I work in a coffeehouse in NYC as the head baker. Actually, I am also the kitchen manager, as I am the person who deals with everything food. I do all the ordering, inventory, pricing and baking. I AM the kitchen. I know that I am grossly underpaid ($13/hr) but I have been told that if I start taking custom orders (cakes, cupcakes, pies, etc..) I can get a percentage. The same is true for the new savory options I am planning to start offering. The place has recently undergone an expansion and is doing a TON of business. I know that the foods I make are bringing in at least 60% of the profits. Here are my questions:

What is the industry standard for my position? (I have 8 yrs experience running my own catering/baking company and have worked in other high-volume bakeries)

What percentage should I ask for the savory options and for all the custom orders?

Do they have a right to keep my recipes when/if I decide to leave?

How do I approach the owners with my requests?

Any advice would be greatly appreciated. Thanks!


----------



## gumboots (Oct 8, 2010)

Sorry, this is completely off topic because I have no answers to any of questions - but would you mind sharing the name of your establishment? I'm from New York and I'm very interested in this type of work.


----------



## blwilson2039 (Aug 26, 2010)

I hope this helps. Yeah, if you're in NYC, you're underpaid. You should be getting at least $15/hr, but at your level I would say $17-18 would be more like it. But that's up to the owners. We're in a tough economy and it's not a good idea to get greedy, but you should make sure you are showing yourself to be valuable to the owners.

Put your savory proposals on paper with food costs and estimated sales, the present them to the owners. All owners are interested in the bottom line. I would think 10-15% would be fair to ask, and if the items are profitable, it shouldn't be a problem.

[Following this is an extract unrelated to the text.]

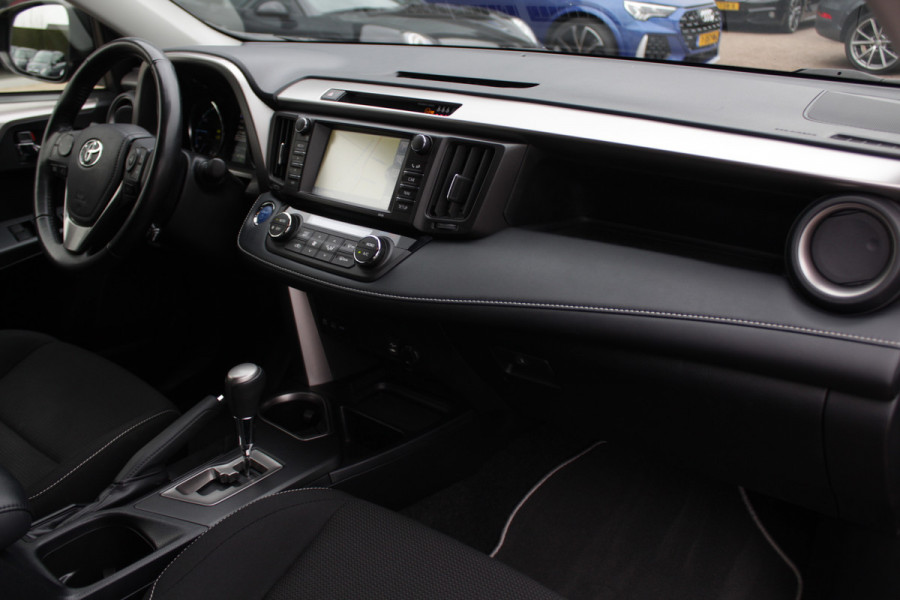 Toyota RAV4 2.5 Hybrid Dynamic / Camera / Navigatie / Cruise Control / 2e Eigenaar / Compleet dealer onderhouden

As far as recipe ownership goes, they only own your recipes if you signed an agreement when you became employed. I faced a similar situation recently and was happy to know they didn't have me sign a proprietary agreement. I did not leave on good terms and wasn't inclined to leave them with any of my recipes. So I didn't. However, if you ever work for a large company, they will have you sign that type of agreement. And they won't hire you unless you sign it. Just don't put any of your recipes into their computer or give anyone a copy. Unless you're hired to specifically create recipes for your job, I can't see giving away your hard-earned secrets. But that's just my opinion.

Good luck.


----------